The Richard J. Childress Memorial Lecture, named in honor of former Dean Richard J. Childress (1969-1976), is a premier academic event highlighting a provocative and timely area of law. The lecture commemorates the contributions Dean Childress made academically, ethically, and socially to benefit the Saint Louis University School of Law.
Childress was a member of the faculty at the School of Law for almost 30 years, and then served for 15 years as associate dean and dean. Among other achievements, Dean Childress is credited with founding the Saint Louis University Law Journal.
Every year, the Journal sponsors the Lecture and publishes the keynote address on a timely legal topic as well as responses from the lecture’s scholarly participants.
Established by the generosity of alumni and friends of the former dean, the lecture aims to enhance the exemplary teaching at the School of Law by bringing world-renowned scholars to campus for academic enrichment.
October 11, 2019 | Scott Hall
4.8 MO CLE credits available
Rapid technological change and the rise of social media have upended the traditional media’s business model and radically changed how people communicate, educate, and persuade. The decline of the traditional media as information intermediaries has transformed and "coarsened" social and political communication, making it easier for misinformation and vitriol to spread. The result? Political campaigns that increasingly take place under conditions of voter mistrust and groupthink, with the potential for foreign interference and domestic political manipulation via new and increasingly sophisticated technological tools.
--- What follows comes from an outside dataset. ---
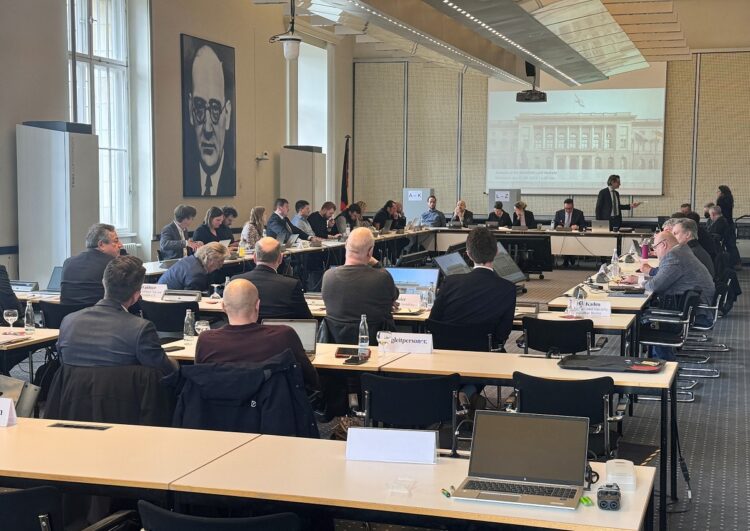 Berliner Senatorin stärkt das Taxigewerbe: Tarifkorridor ab April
Such dramatic changes raise deep questions about the conditions of electoral legitimacy and threaten to shake the foundation of democratic governance.
This conference considers how this challenging information environment will affect election law in areas such as campaigns, campaign finance, and voting rights, and what election law might be able to do about it.
The keynote speaker is Richard L. Hasen, Chancellor’s Professor of Law and Political Science at the University of California, Irvine.
Schedule of Events
Friday, Oct. 11
8-9 a.m.: Registration
9-10 a.m.: American Election Law in a Post-Truth World: Keynote speech with Rick Hasen
10-10:15 a.m.: Break
10:15-11:15 a.m.: Just The “Facts?” Reflections on Keynote: Panel One with Justin Levitt, Daniel Tokaji, and Guy-Uriel Charles
11:15-11:30 a.m.: Break
11:30 a.m.-12:30 p.m.: The Emerging Election Law Landscape: Panel Two with Derek Muller, Franita Tolson, and Yasmin Dawood
12:30-1:30 p.m.: Break
1:30-2:30 p.m.: Election Law on the Ground: Challenges in Missouri: Panel Three with Denise Lieberman, Jessie Steffan, Kenneth Warren
On October 5, 2018, the Childress Lecture explored Forward Through Ferguson's #STL2039 Action Plan, which imagines a future St. Louis where race no longer predicts life outcomes. A series of panels explored criminology and crime control; education reform; and race, health, and social justice.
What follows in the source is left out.